The subsequent occupation of Iraq and the chaos and suffering it has brought to the people of that long-oppressed land has been a bitter disappointment to many, and to myself most of all. The men and women of our armed forces have always performed honorably and heroically in executing the mission I, as their Commander in Chief, ordered them to perform. The mismanagement of the occupation, the introduction of al-Qeada into Iraq when it had never been there prior to the invasion, the deprivation and violence experienced by the people of Iraq, the atrocities perpetrated at Abu Ghraib, were the result of no failure on the part of our armed forces, but rather, were the result of failure by senior officials of my administration, and, most of all, by myself, and I take full responsibility for those decisions and their consequences. The burden and blame are mine alone.

And as we struggled to contain crises abroad, we were struck once more by tragedy at home, this time not perpetrated by foreign terrorists, but by Hurricane Katrina. As the storm approached our shores and warnings of the potential for destruction began to be raised, my administration did not fulfill its obligation to protect the people who lay in Katrina’s path. Even as Katrina made landfall and the true scale of the devastation became apparent, the actions of my administration were, again and again, inadequate, belated, and, far too often, just too poorly executed to render the help that the people of the Gulf Coast so badly needed. Once again, these failures were ultimately mine, and, once again, the consequences were ultimately born by others.

The same can also be said of our current economic situation. In my administration’s desire to make good on its promise to reduce the role of government in the lives of the American people, we paid too much heed to the voice of Wall Street, and too little to the voice of Main Street. We cast aside the oversight required to prevent our financial markets from the excesses that, as I speak to you tonight, have brought them to their lowest pass since the 1930s. In doing so, we failed not only Main Street, but also the very Wall Street players we sought to help. The result and the ruin of that decision, the cost in lost jobs and bankrupt companies, lay all around us tonight.

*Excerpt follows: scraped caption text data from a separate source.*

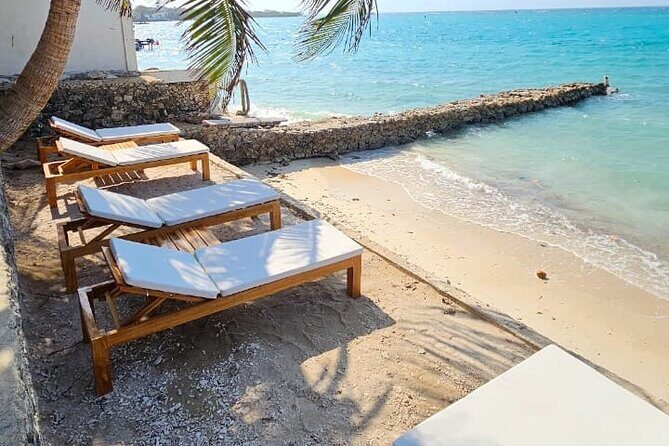 Beach Club Capri At Rosario Islands Italian Vibes - Lunch and Welcome Drink: Gluten-Free Without the “Special Request” Headache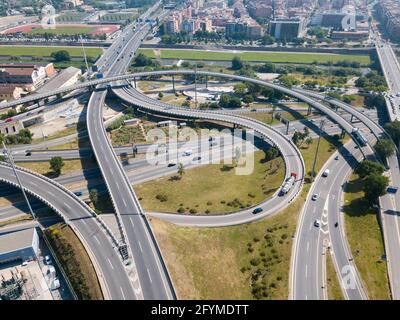 Vista aerea dell'autostrada grado separazione in Barcellona, Spagna Foto Stock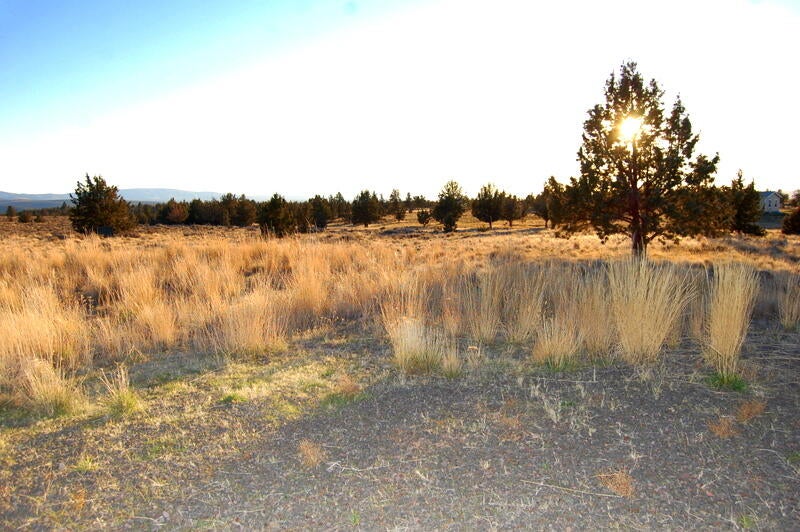 7696 Iowa Road Prineville, OR 97754 - Photo 15 of 15 DSC_2586
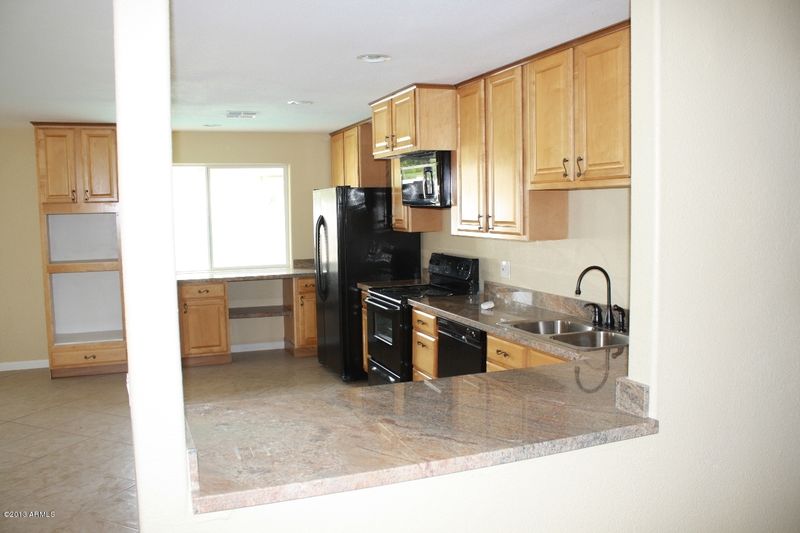 5324 W Hatcher Rd, Glendale, AZ 85302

And so it is that, as I leave office in a few days time, our country finds itself with two unfinished wars, the city of New Orleans still stricken years after Katrina made landfall, and our economy in tatters. The solution to all these problems will be left to my successor, and sincerely I wish him well in dealing with them. I have only this council to offer, the lesson I have learned too late as I reflect upon my term of office: all the American people have ever asked of their leaders in times of crisis is the assurance that the work of government will be done competently and impartially, and that the hard work and sacrifice of our people to meet the challenge of the day will not be squandered. 

I have failed the American people in this, and hope and pray that my successor will be able to overcome the staggering challenges he faces as he assumes office. For all of this, to all of you, across our country and in nations around the world, I am so sorry. I am so very, very sorry.